The defense that commentators have offered for the position taken by President-elect Obama and the Senate’s Democratic leadership has largely missed the mark.
That Roland Burris, the man appointed by the Illinois governor in late December, was never “elected” is beside the point inasmuch as the 17th Amendment specifies that, whenever there is a vacancy in any state’s Senate representation, the state’s legislature “may empower [its] executive . . . to make temporary appointments until the people fill the [vacancy] by election as the legislature may direct.”
That the sitting attorney general of Illinois views the governor as no longer fit to discharge the duties of his office–a position the Illinois Supreme Court refused even to entertain–has no bearing on the governor’s authority under the federal Constitution, given the power placed in his hands by the state legislature.
And that the Illinois secretary of state refuses to sign the certificate of appointment is evidently immaterial under the governing provisions of Illinois law, which make the signature merely ceremonial.
But the arguments saying the Senate must seat Burris miss the mark as well. The fact that he is indisputably “qualified” in the constitutional sense has no bearing on the authority of the Senate under Article I, Section 5 to serve as the sole “Judge of the Elections”–and, by extension, the temporary appointments–of would-be members.
And the fact that the governor has yet to be convicted or even impeached is hardly conclusive when dealing with a Senate decision that a particular election or appointment process has been too tainted by evidence of corruption for any victor in that process to represent the electorate with honor and, equally vital, with the appearance of honor.
It matters not that the criminal standard of proof beyond a reasonable doubt has not yet been met and might never be: The question for the Senate isn’t whether the Illinois governor truly is a crook, but whether reasonable observers would deem the process too crooked to produce a credible result.
The task of deciding whether public trust would be unacceptably compromised by seating any appointee of a governor whose overheard comments had poisoned the public well should not be confused with the task of deciding whether someone is guilty of election fraud or of corruptly conspiring to sell a public office for personal gain.
True, there has never been a case precisely like this one. It was confusion over the respective powers of state legislatures and governors in the immediate wake of the newly ratified 17th Amendment that led to the Senate’s exclusion of two Alabama appointees, Henry Clayton and Franklin Glass, in the fall of 1913.
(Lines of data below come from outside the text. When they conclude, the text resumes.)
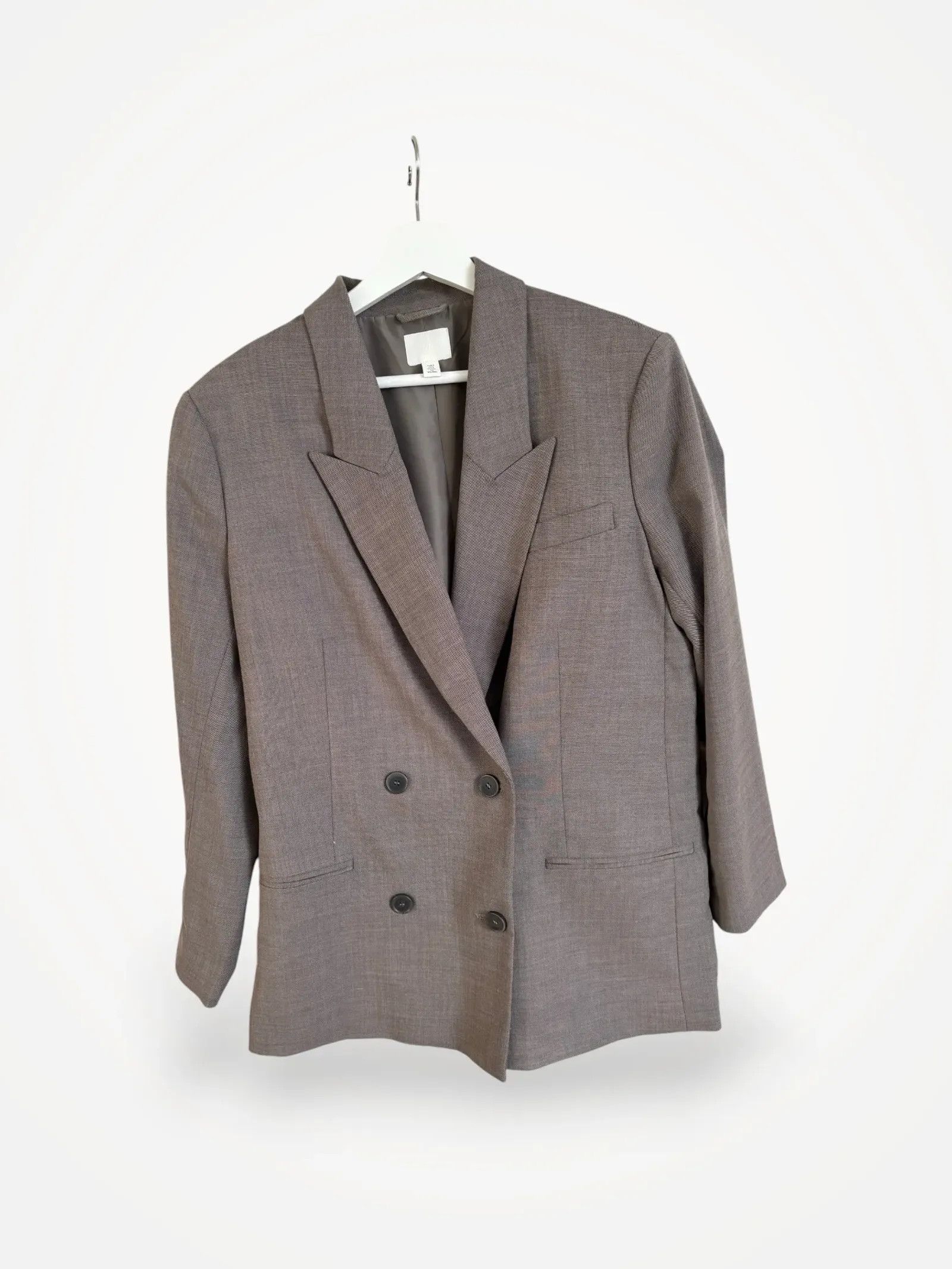 H&M H&M Blazer Size S / US 4 / IT 40 - 1 Thumbnail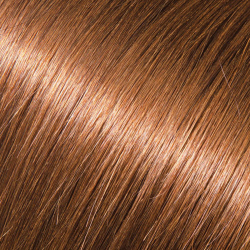 Babe Hand Tied Weft Extension 18.5in Straight #5B Roxanne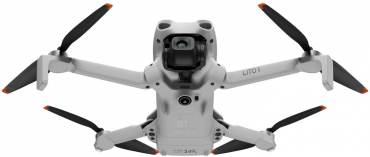 DJI Lito 1 Fly More Combo (DJI RC-N3)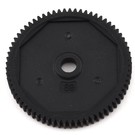 TLR / Team Losi TLR232074  69T Spur Gear, SHDS, 48P For 225.0 Elite  DC  AC  SR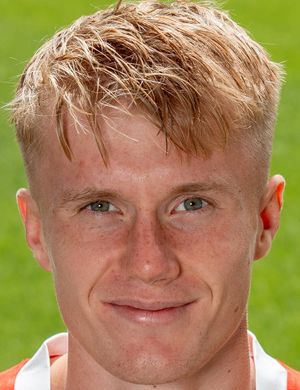 Isak Jensen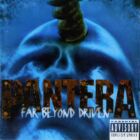 Pantera - Far Beyond Driven (1994)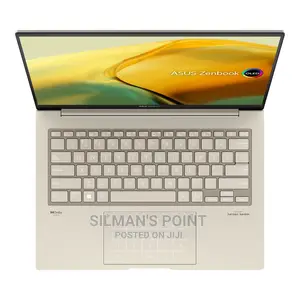 New Laptop Asus ZenBook Flip 14 UX461UA 16GB Intel Core I7 SSD 512GB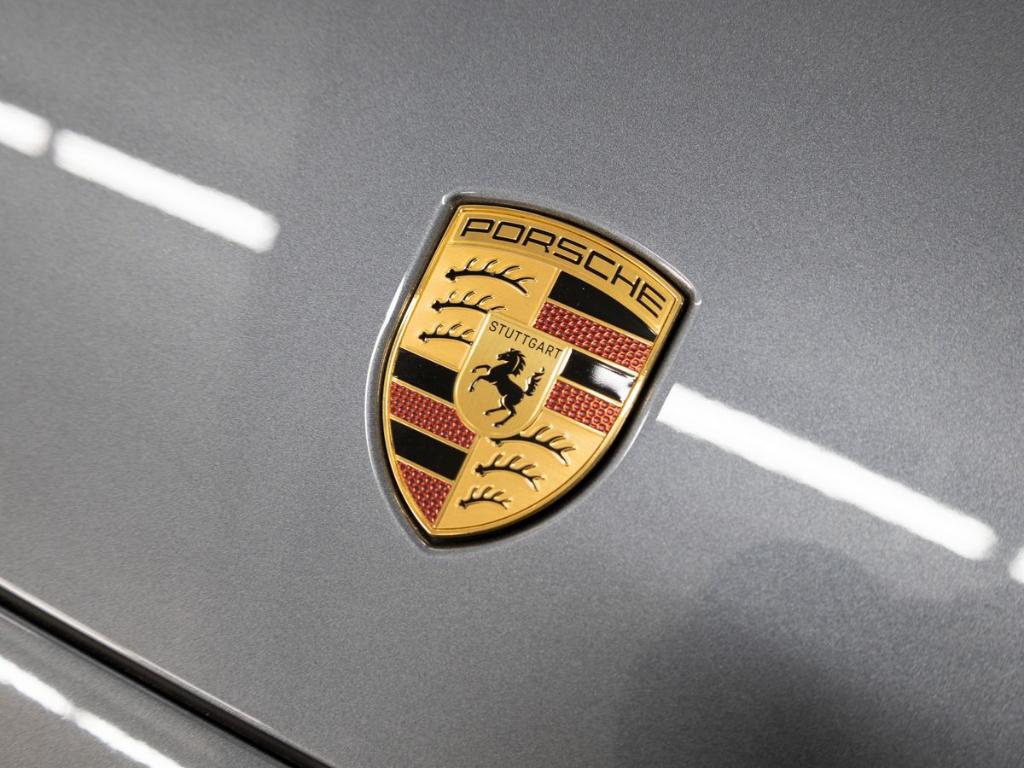صورة 10 لـ 2026 Porsche CAYENNE BASE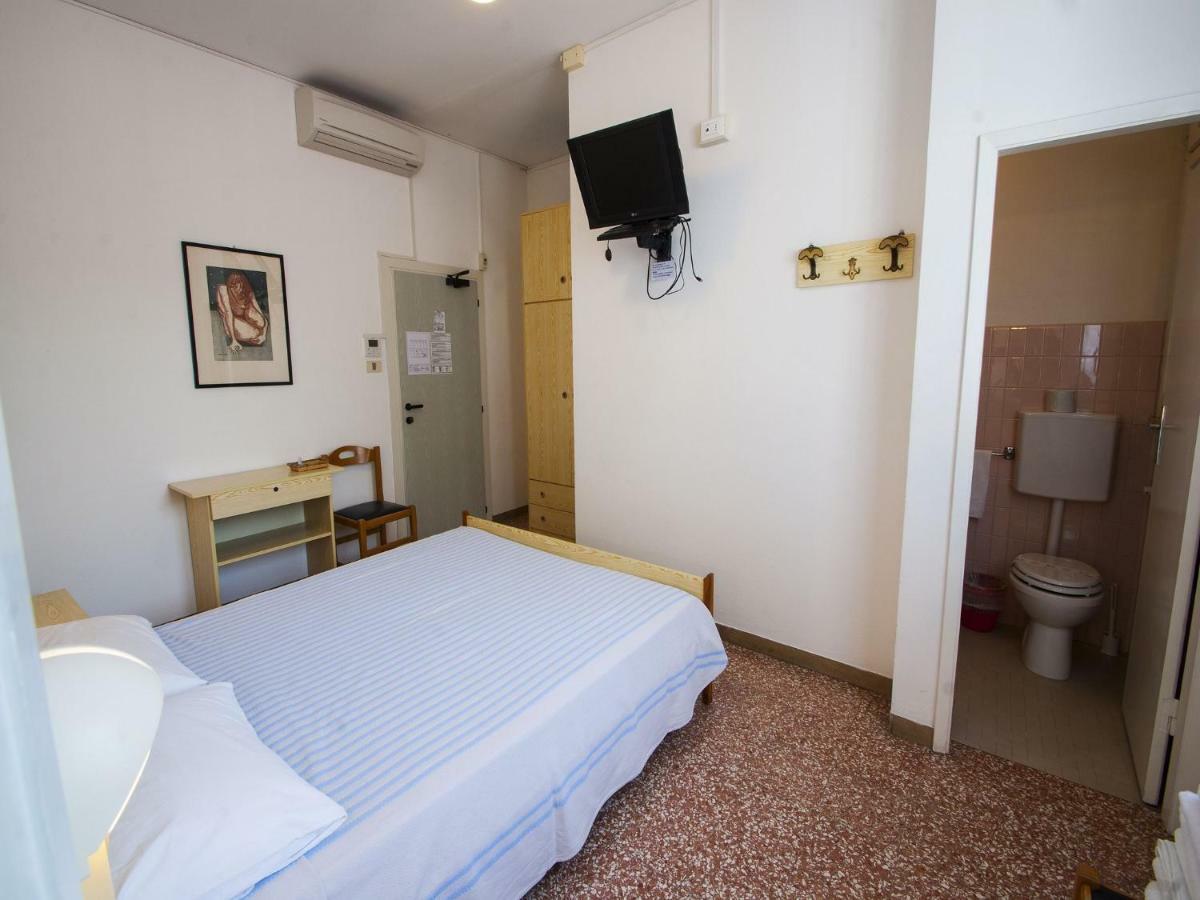 Hotel Maddalena Marina di Ravenna Luaran gambar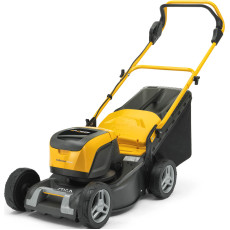 Газонокосарка акумуляторна STIGA Collector543AEKit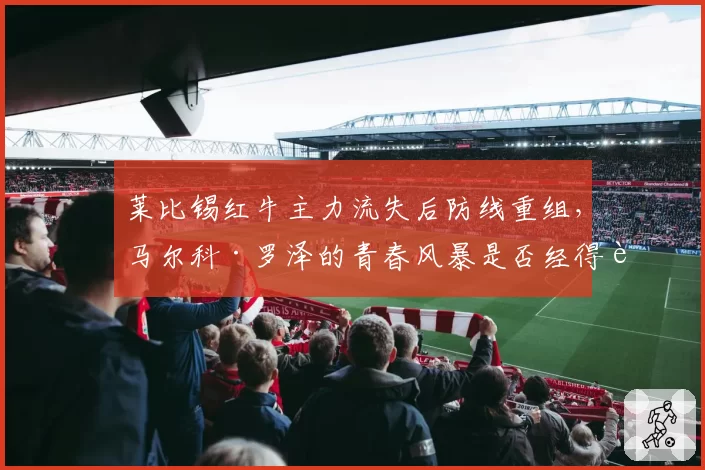 莱比锡红牛主力流失后防线重组，马尔科·罗泽的青春风暴是否经得起德甲硬仗考验？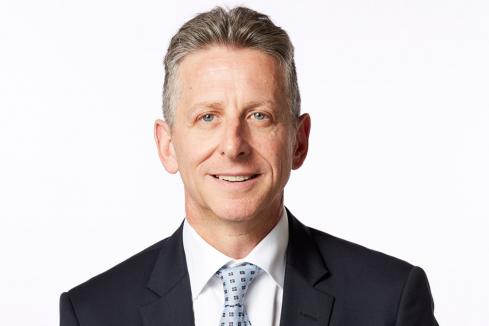 Dexus CEO steps down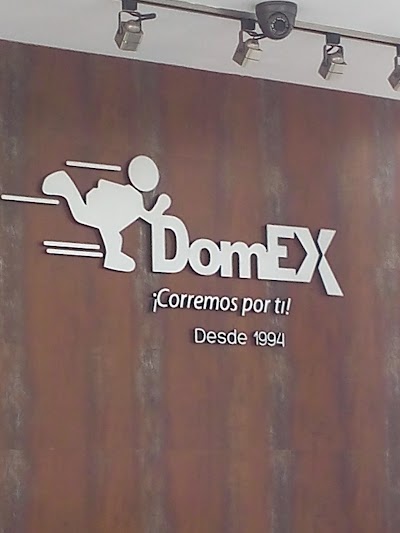 Photos of Domex Courier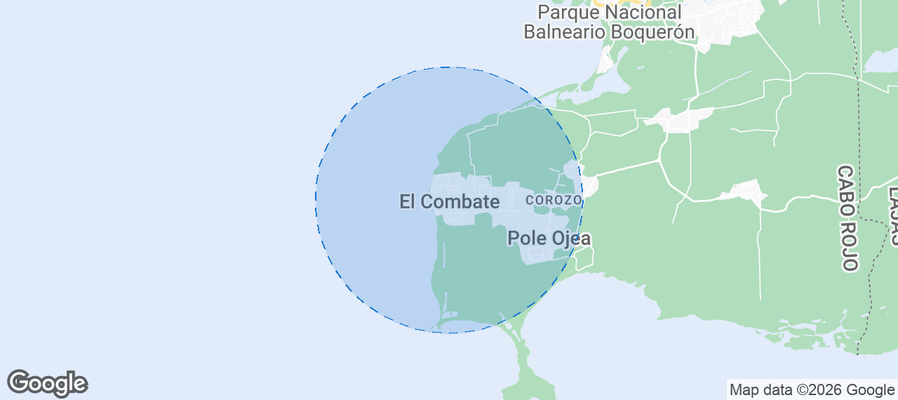 Discover El Combate Airbnb Analytics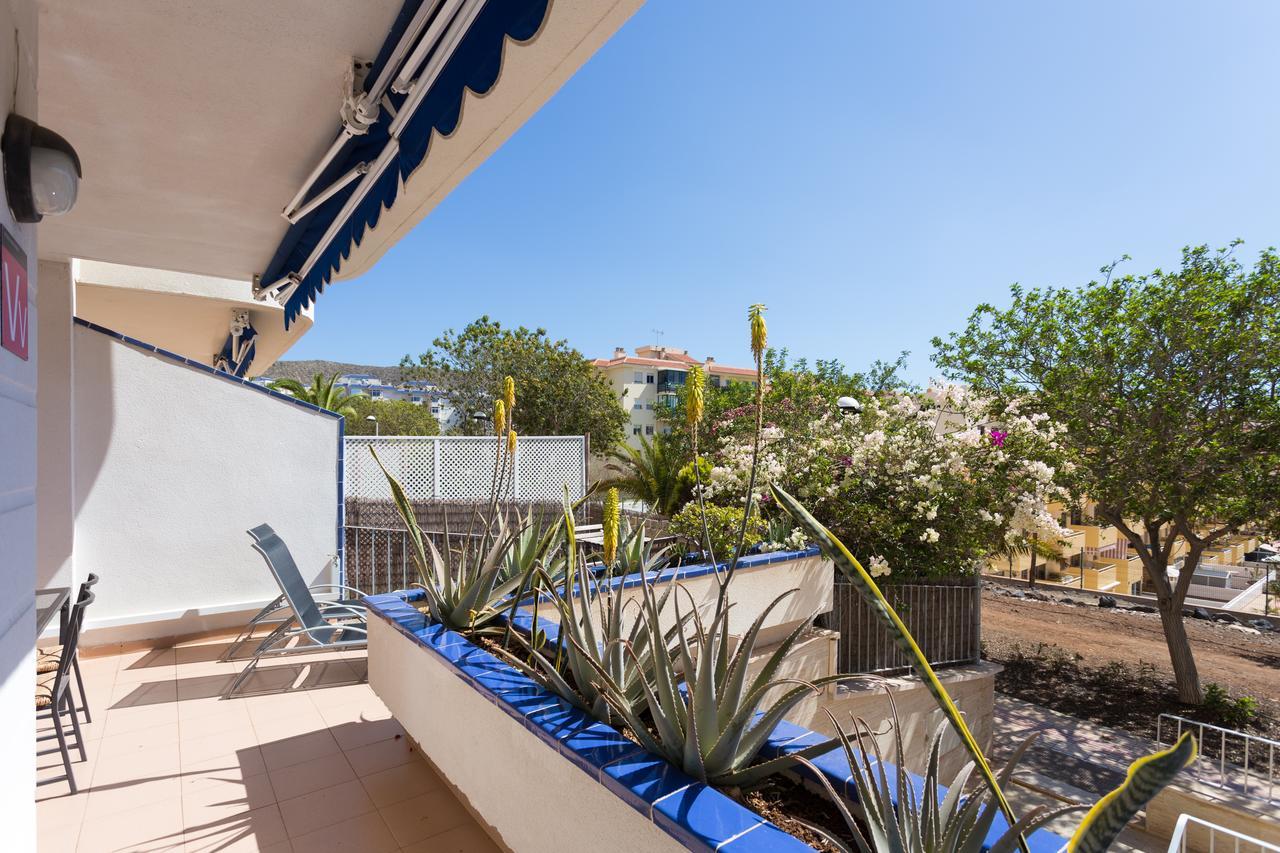 El Ancla Apartment Los Cristianos  Luaran gambar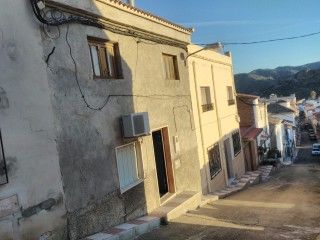 Property in Almeria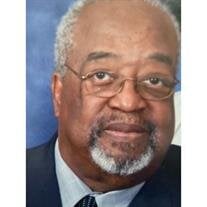 Edward Alfred Johnson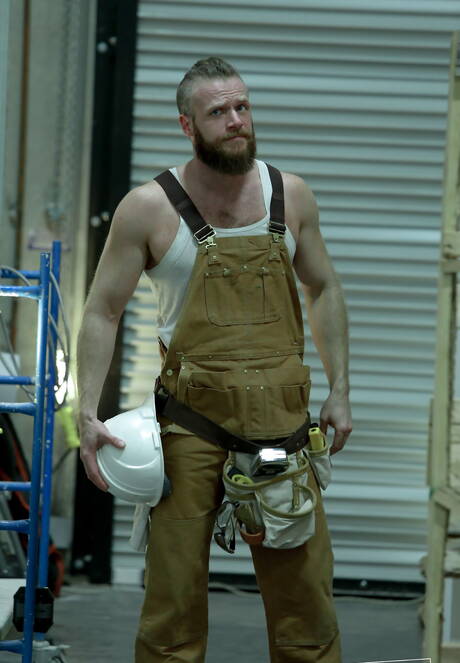 Disruptive Films: Shameless buddies Casey Everett, Deep Dicc and Brian Bonds make an interracial love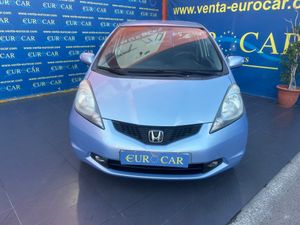 Honda Jazz 1.4 I   - Foto 5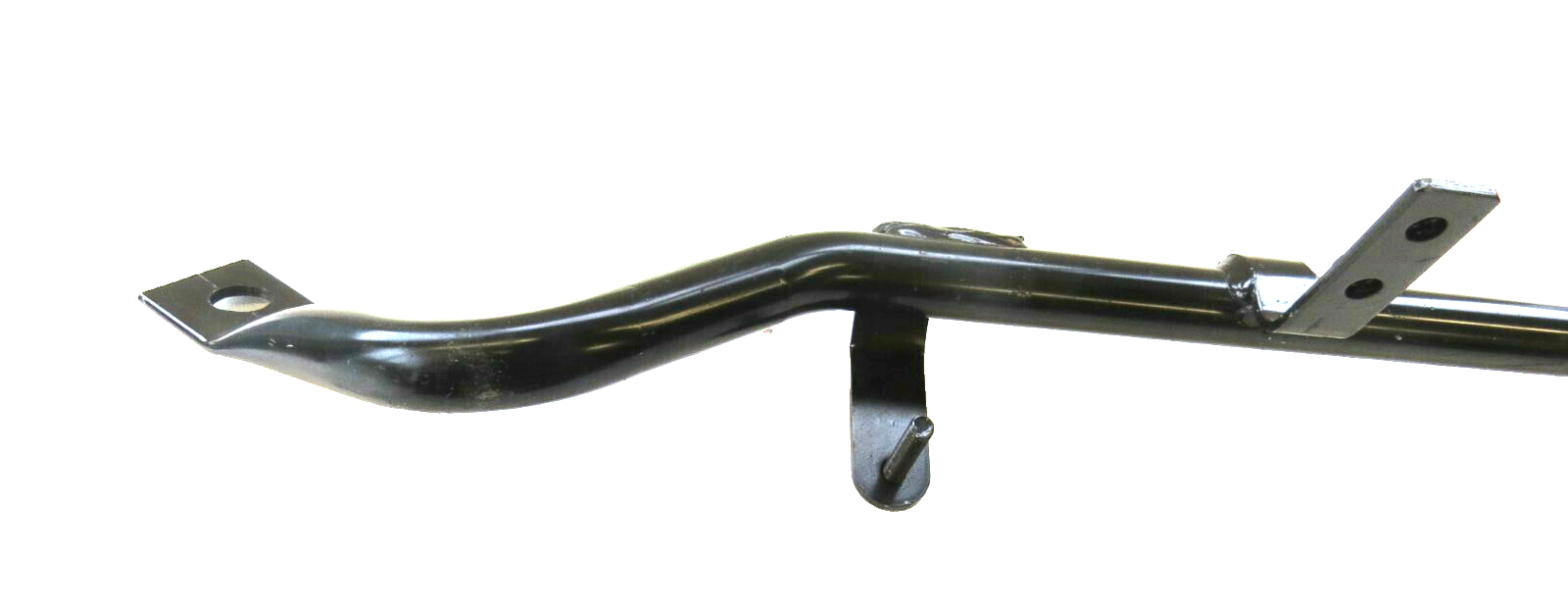 Jaguar XKR XK8 2002-2006 OEM NEW Oil Cooler Mounting Bracket - Image 7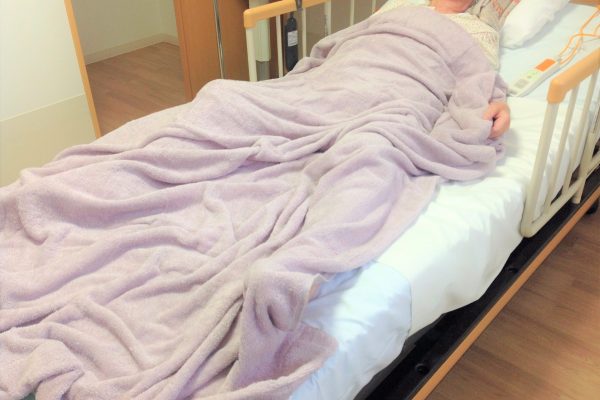 2017/8/28　伊勢崎市の老人ホームへのご入居立ち合いをしてきました☆ イメージ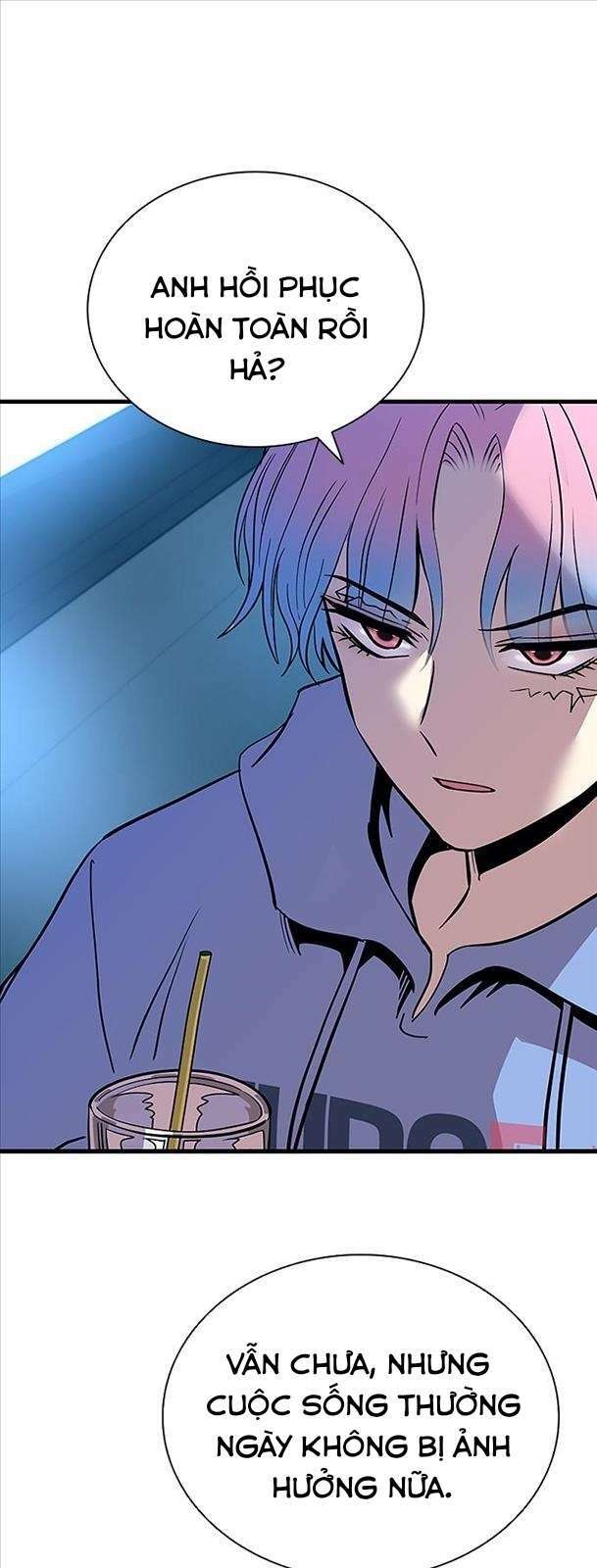 tiêu diệt ác nhân chapter 101 35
Frank Smith, initially voted a U.S. Senator in 1926 by the Illinois electorate and appointed to the Senate in 1927 by the Illinois governor, was twice excluded by the Senate on the basis that huge campaign contributions and corrupt practices involving Smith had clouded both his original election and his subsequent appointment.
And the white supremacist Theodore Bilbo, elected by the people of Mississippi for a third Senate term in 1946, was not seated by the Senate because a majority deemed his election tainted by his corrupt campaign practices and intimidation of black voters. Of course, nobody suspects corruption or racism on the part of this governor’s shrewdly chosen appointee, a squeaky clean African-American politician.
But that the Senate’s early December decision to exclude any Blagojevich appointee reflected nothing about the particular person he appointed cuts for, not against, leaving the matter to the judicially unreviewable judgment of the Senate itself.
For the danger of invoking doubts about the process of election or appointment, as a pretext for excluding someone that a Senate majority finds objectionable, is minimized when the decision to exclude is made in advance of any individual’s appointment, and thus under the classical philosopher’s veil of ignorance about whose ox might be gored.
Laurence H. Tribe is a professor of constitutional law at Harvard. His latest book is The Invisible Constitution.